- **Records supplied**

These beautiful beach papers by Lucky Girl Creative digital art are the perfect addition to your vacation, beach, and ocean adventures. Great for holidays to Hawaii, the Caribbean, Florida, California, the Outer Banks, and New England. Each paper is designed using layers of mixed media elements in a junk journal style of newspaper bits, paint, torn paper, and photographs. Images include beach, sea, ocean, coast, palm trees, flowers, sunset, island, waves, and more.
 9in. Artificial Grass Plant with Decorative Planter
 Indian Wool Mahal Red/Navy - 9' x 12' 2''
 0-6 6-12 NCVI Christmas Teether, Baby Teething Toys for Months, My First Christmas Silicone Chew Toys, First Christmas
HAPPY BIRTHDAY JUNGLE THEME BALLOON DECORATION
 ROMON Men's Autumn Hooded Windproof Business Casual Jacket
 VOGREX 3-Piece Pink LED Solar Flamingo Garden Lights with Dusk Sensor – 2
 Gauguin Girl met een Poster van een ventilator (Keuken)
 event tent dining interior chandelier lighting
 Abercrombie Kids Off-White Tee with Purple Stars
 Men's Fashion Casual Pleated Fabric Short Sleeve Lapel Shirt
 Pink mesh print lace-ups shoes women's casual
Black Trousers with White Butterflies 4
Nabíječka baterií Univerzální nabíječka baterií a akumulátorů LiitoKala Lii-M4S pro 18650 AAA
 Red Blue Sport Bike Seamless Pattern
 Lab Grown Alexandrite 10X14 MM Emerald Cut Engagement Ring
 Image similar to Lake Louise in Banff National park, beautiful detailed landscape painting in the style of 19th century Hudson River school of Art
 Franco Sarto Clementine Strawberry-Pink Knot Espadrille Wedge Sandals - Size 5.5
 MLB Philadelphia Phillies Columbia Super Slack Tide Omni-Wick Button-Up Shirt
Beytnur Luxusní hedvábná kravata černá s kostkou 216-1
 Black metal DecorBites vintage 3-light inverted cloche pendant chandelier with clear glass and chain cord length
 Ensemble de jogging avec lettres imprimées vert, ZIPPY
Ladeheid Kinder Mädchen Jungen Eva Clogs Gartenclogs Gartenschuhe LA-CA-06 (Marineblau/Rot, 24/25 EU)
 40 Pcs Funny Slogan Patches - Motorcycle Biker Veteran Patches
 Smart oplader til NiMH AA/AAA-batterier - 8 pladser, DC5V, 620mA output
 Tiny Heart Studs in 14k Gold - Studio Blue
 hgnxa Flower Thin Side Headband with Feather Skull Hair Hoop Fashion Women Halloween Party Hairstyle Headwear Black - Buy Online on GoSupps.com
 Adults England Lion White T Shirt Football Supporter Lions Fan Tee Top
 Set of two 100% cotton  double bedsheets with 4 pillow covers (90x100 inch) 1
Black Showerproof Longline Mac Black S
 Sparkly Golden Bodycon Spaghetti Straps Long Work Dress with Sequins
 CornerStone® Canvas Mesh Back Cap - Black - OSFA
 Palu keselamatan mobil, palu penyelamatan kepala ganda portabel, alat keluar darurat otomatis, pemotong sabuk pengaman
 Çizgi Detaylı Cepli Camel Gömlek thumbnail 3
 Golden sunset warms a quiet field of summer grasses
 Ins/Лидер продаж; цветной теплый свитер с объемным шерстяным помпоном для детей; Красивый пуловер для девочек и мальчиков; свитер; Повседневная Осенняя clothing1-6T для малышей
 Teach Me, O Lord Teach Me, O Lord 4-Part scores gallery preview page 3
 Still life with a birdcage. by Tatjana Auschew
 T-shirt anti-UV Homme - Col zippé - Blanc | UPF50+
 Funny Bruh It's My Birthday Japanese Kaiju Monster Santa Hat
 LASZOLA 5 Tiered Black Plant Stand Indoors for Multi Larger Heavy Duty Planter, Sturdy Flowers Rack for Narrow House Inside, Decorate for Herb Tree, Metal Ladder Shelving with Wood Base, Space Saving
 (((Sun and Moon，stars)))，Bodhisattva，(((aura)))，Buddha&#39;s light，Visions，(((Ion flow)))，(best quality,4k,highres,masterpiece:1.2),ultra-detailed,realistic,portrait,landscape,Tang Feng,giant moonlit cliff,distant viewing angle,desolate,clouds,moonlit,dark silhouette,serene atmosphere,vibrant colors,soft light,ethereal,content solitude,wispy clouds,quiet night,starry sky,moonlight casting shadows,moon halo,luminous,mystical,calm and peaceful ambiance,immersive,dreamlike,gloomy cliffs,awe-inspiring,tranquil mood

- **The problem**
Within the listing above, extract exactly the lines from the line with "Still life with" to the line with "LASZOLA 5 Tiered", the two named lines included, and no others.

- **Answer box**
 Still life with a birdcage. by Tatjana Auschew
 T-shirt anti-UV Homme - Col zippé - Blanc | UPF50+
 Funny Bruh It's My Birthday Japanese Kaiju Monster Santa Hat
 LASZOLA 5 Tiered Black Plant Stand Indoors for Multi Larger Heavy Duty Planter, Sturdy Flowers Rack for Narrow House Inside, Decorate for Herb Tree, Metal Ladder Shelving with Wood Base, Space Saving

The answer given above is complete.